What is a Hard Money Loan & How do they Work?
People seeking to purchase real estate as investment property normally need some form of financing to make the purchase. Very few real estate investors have enough cash on hand to fully pay for their investment, which means they need to find ways of obtaining financing in order to fund deals.
One method for financing the purchase of real estate for investment purposes is to turn to a private hard money lender. Hard money loans - also known as an asset-based lending - are a form of financing in which the borrower receives the funds on the basis that the loan is secured by the value of the investment property being purchased.
Hard money loans are different than the traditional types of loans that banks offer in that the borrower has more leverage, the ability to fund deals more quickly and therefore close faster than with a conventional bank loan. Borrowers can make a down payment of just 10% cash to buy and renovate an investment property. They can get the funds from a hard money lender in as little as 3-10 business days, allowing them to close in less than 2 weeks.

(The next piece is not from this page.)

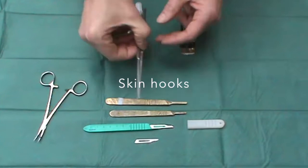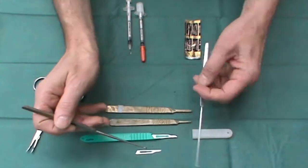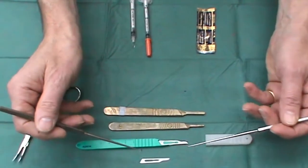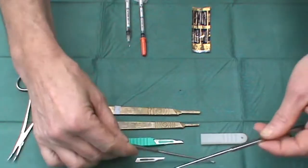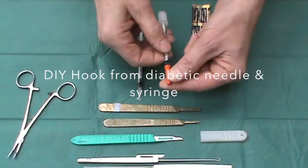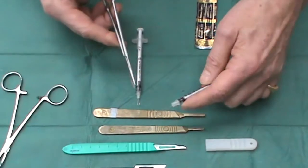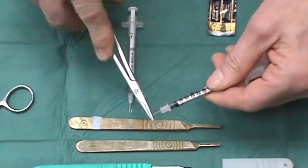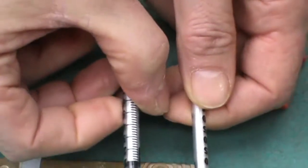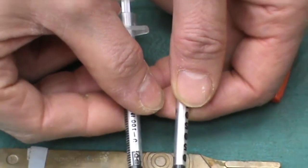I also like to find a pair of skin hooks in my operating set, because these are so useful for being able to pull out tissue, lift up the specimen you're taking out, or open up the wound in order to see what you're doing. If you don't have a pair of skin hooks, it is possible to make your own DIY skin hook quite simply with a diabetic syringe and needle, whereby you apply it, turn through 180 degrees, and you now have a skin hook. This is very good for delicate tissue — for instance, on the face — but easily broken if you try and use it on heavier tissue.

Investing in real estate is highly competitive since there are often multiple offers on the same property, which creates a bidding war among buyers. Being able to get the financing quickly gives that investor a huge advantage in these circumstances. Being able to use less of their own cash for a down payment enables them to better leverage their own money to invest in more properties. And the more properties they buy, the greater chance they have to make more in profits, which can certainly increase their return on investment.
Most hard money loans are considered short-term loans in that they last no longer than one year (with DML Lending our short-term loans go up to 12 months) with the borrower making interest payments every month until they sell the property and subsequently pay the loan off. Investment properties being purchased with hard money loans are non-owner occupied with most hard money lenders willing to lend according to the after repair value (ARV) of the home or property. The ARV is important because the lender must consider the quality and condition of the property and what the risk would be for the firm if they decide to make the loan.